Felicia and Ian in their Kilauea 'yarden.' Photo by Keri Cooper
Cowden says a big motivation for starting with the whole Akamai deal was “the high incarceration rate of our wonderful youth. When I see how many high-potential kids end up adjudicated, that’s an indictment of our system — not the kids.
“I wanted to teach kids financial literacy because most crime is poverty related. I wanted to introduce learning with a sense of purpose.”
There was also the problem of inflexibility within the public schools, which Cowden bumped into while running surf shops on the North Shore for 18 years. In the business, she says she met extraordinary surfers with the opportunity to travel around the world. They were punished at school because of their absences.
It happened to Andy Irons, she says, who wasn’t allowed to participate in his high school graduation.
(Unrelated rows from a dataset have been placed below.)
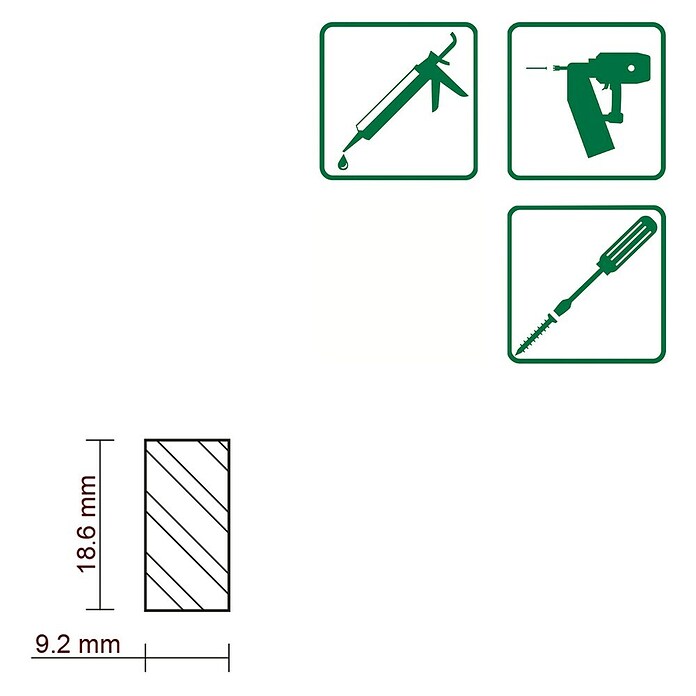 FLACHLEISTE LAERCHE ROH 9,2X18,7mm 100cm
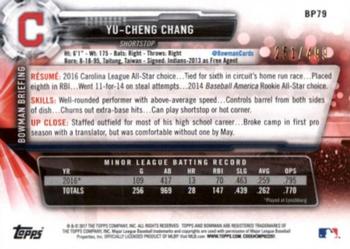 2017 Bowman - Prospects Silver #BP79 Yu-Cheng Chang Back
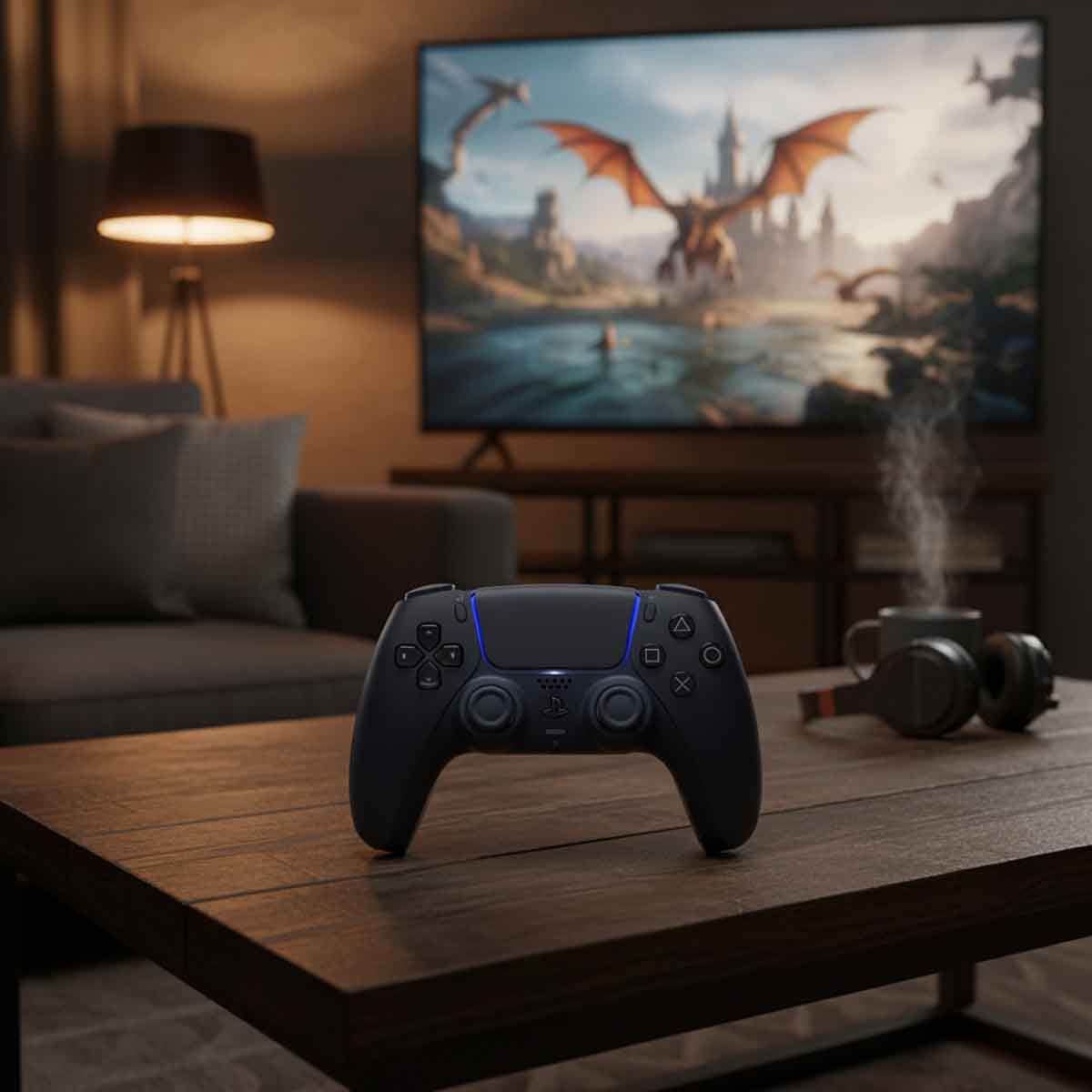Sony PlayStation5 KSA Version Slim Digital Edition 825 GB Console with DualSense (KSA Version) Midnight Black Wireless Controller Bundle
In response, Cowden says that some youth dropped out in favor of home schooling.
“I went to the school, saying let’s do something, offer a blend of flexible learning so kids can do magnificent things in life as well as be part of their peer circles,” she says.
This is a book that supports flexibility, gives some examples of it and at the same time, it’s a chronicle of her and Ian’s year together last year.
“The conversation is about the North Shore of Kaua`i, but it is a message to the whole nation that shares this challenge,” says Cowden.